As shown in FIG. 3, the second connector 84 is disposed in the
first ends, supported by the rocker shaft 37, of the first arm half
81 and the second arm half 82, and connects the portions facing the
camshaft 14. As shown in FIG. 4, the second connector 84 crosses
the first rocker arm 62 in a planar view. Therefore, when the first
rocker arm 62 swings toward the cam 12 with respect to the second
rocker arm 64, the projection 69 of the first rocker arm 62 moves
closer to the second connector 84. In the present preferred
embodiment, a stopper 88 (see FIG. 3) which abuts against the
projection 69 of the first rocker arm 62 is provided on the lower
surface (the surface opposite to the cam 12) of the second
connector 84.
When the first rocker arm 62 swings by the spring force of the
spring member 76 in a state in which the intake valves 8 or the
exhaust valves 9 are closed, the projection 69 abuts against the
stopper 88. After the projection 69 abuts against the stopper 88,
the first rocker arm 62 and the second rocker arm 64 are integrally
biased in the return direction by the spring force of the spring
member 76. Thus, during this period, the first pin hole 73, a
second pin hole 91, and a third pin hole 95 are aligned and
maintained on the same axis. Therefore, the first to third switch
pins 65 to 67 are readily and reliably switched to the connected
state as shown in FIG. 9. The connected state is a state in which
the first switch pin 65 moves to a position across the first pin
hole 73 and the third pin hole 95, and the second switch pin 66
moves to a position across the first pin hole 73 and the second pin
hole 91.
As shown in FIG. 11, the stopper 88 is located in a concave space
S2 below the cam 12 at a stopper abutting position of the first
rocker arm 62 where the projection 69 of the first rocker arm 62
abuts against the stopper 88. The concave space S2 indicates a
space surrounded by the cam 12 of the camshaft 14, the roller 61 of
the first rocker arm 62, and the rocker shaft 37 when viewed from
the axial direction of the rocker shaft 37. In the following
description, a state in which the projection 69 of the first rocker
arm 62 abuts against the stopper 88 will simply be referred to as a
"stopper abutting state" hereinafter.
As shown in FIG. 12, the concave portion 75 that houses the convex
portion 74 of the first switch pin 65 is provided on the inner
surface of the first arm half 81 facing the first rocker arm 62.

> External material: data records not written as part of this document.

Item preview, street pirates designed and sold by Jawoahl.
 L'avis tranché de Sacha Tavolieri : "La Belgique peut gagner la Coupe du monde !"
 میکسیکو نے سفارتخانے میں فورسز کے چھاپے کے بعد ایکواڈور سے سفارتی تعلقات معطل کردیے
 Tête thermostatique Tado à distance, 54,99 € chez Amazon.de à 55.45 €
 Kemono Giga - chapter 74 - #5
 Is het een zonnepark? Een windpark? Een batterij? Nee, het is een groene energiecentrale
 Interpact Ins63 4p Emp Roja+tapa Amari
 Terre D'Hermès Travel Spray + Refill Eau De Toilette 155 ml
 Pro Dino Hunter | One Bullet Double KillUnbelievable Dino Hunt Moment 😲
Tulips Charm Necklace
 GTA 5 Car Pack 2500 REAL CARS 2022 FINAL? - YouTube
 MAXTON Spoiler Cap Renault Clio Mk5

The second pin hole 91 is open inside the concave portion 75.
Although not shown, the concave portion 75 is provided on the inner
surface of the second arm half 82 facing the first rocker arm 62,
similarly to the first arm half 81. The third pin hole 95 is open
inside the concave portion 75. The concave portion 75 of the first
arm half 81 and that of the second arm half 82 preferably have the
same shape at the same position when viewed from the axial
direction of the rocker shaft 37.
The concave portion 75 preferably has a groove shape extending
downward from the second pin hole 91 or the third pin hole 95, and
includes a plurality of functional elements. In this case,
"downward" indicates a direction in which the second rocker arm 64
swings when the second rocker arm 64 presses and opens the intake
valves 8 or the exhaust valves 9. The plurality of functional
elements include a non-regulating portion 75a through which the
convex portions 74 at two ends of the first switch pin 65 pass when
the first rocker arm 62 swings with respect to the second rocker
arm 64, and a regulating portion 75b which regulates the movement
of the convex portion 74.
In a state in which predetermined conditions are satisfied, the
non-regulating portion 75a has a shape that allows the first rocker
arm 62 to swing with respect to the second rocker arm 64 between a
swing start position and a maximum swing position without
regulating the passage of the convex portion 74. The state in which
the predetermined conditions are satisfied indicates a state (the
non-connected state to be described later) in which the first
rocker arm 62 is supported by the rocker shaft 37 and is able to
swing with respect to the second rocker arm 64.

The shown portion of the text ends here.